『人の寄る家かそうでないかは女で決まる。そして人の寄る家は良い家だ』
というのは、祖母の父が常々口にしていたことだそうです。
祖母の家の家訓だったらしく、とにかく人が寄ってくる家にしなさい、と言われていたらしい。
力量
昔は男性が外で働き女性が家を守るというのがまぁ、当たり前の世の中だったんですよね。
かなり昔のことにも思えますけど、祖母が幼い頃はそれが当たり前と考えていたわけで。そう考えるとそう昔のことでもないな、と。
男尊女卑とは言わないけれども、女性は家のことを切り盛りするのが当たり前だと考えられていたので、家の空気感を作り、人様が来たら嫌な顔せずお茶やら食事やらを出し、おもてなしをする、それが良い家だ、というのが祖母の父の考え方だったようです。
そして、祖母の母はそれを当たり前の様におこなっていたそう。
幼い祖母も、誰とも知れないおじさんに頼まれてはお皿を持って来たりなんだりとちょこまかしていたらしいです。
そう、人が寄る家とは、男の人が寄る家。
夜になって、父親のお友達(だろう人達)が家に集まり、酒盛りをする。
それに対して女の人たちはおもてなしをしなさい、というのです。
人と言っているのだから、女性だってお家に集まって良いじゃない。
お母さんのお友達とか集めて女子会的な、井戸端会議的な、ワイワイしたっていいじゃない、と思うけれどもそれは許されないのですよね。
うーむ。
時代なんでしょうけれど、今の時代にこの考えは通用しないよね。
でも、祖母が幼い頃はコレで通っていたわけで。
私がお婆さんとかになる頃に、世間はどうなってんだろ、って思うなぁ。
好き好き
さて、幼い頃に誰とも知らない男の人たちが毎晩のように家に集まり父親と酒盛りをしていた環境に育った祖母。
「家に人が集まることが、とんじゃかない」と言っていました。
私が育った環境は、会話の無い家で。そんな家に人が集まるはずもなく。
正直、親戚のちびっ子がやって来て家でわちゃわちゃと遊んでいるのも違和感を感じるタイプです。
別にちびっ子が嫌いなわけじゃないんです。可愛いなぁって思いながら眺めてますけど、家でワイワイする感覚がよく分からないというか、そもそも私の身には染みついていないこと。
家とは音のしない、人がいるのにその気配すら感じられない場所、というのが私の刷り込みなので、何かの行事で人が集まったり、家で賑やかにしているというのがとても違和感なんです。
ここまで極端ではないにしろ、家に人様を上げるのはちょっと…と思う方も居るんだと思います。

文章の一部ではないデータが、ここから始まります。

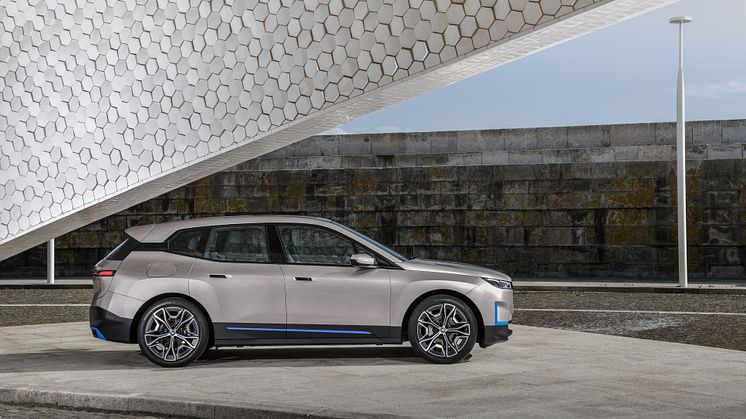 BMW iX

逆に、祖母の様に人が家に集まることを何とも思わない人も居るわけです。
祖母のような人の方が、お客様が来た時の対応は慣れてますよね。
私とかだと、ドギマギしてしまって。お茶を出すのが精一杯な気がする。
あ、『とんじゃかない』っていうのは方言です。
我が家の会話ではよく出てくる単語ですけど、私も正確な意味は把握してません。
まぁ、気にしないとか多分そんな感じのニュアンス…。
そんなもん
幼い頃の家庭環境とか、過ごした感じって大人になっても何かしらの影響が出てくるんですよね。
良くも悪くも。
三つ子の魂百までとか言いますけど、それは本当なんだろうな。
祖母を見ていると思います。あと、祖父も。
つまり私もそういうわけですよね。このままお婆さんになるんだなぁと思うと、げんなりしますけど。
育った環境のせいにはしたくないし、全部そこで片づけられないにしても、なんだか私の人生がハードコアすぎて…。
もうちょっと低い難易度の選択は出来ないんだろうか。
もう27年もそのモードで生きてきてしまっているから、ゲームの途中での難易度の変更は出来ないのかなぁ…。
ホームパーティーとかするパリピ的な、陽キャ的な、そんな人間にはなりたいとは思わないですけど、でも、もうちょっと人当たりのいい人間になれたらなぁって思うのです。
愛想の無さの極みっぷりが半端ない。せめてそう言う部分は祖母に似たかった…。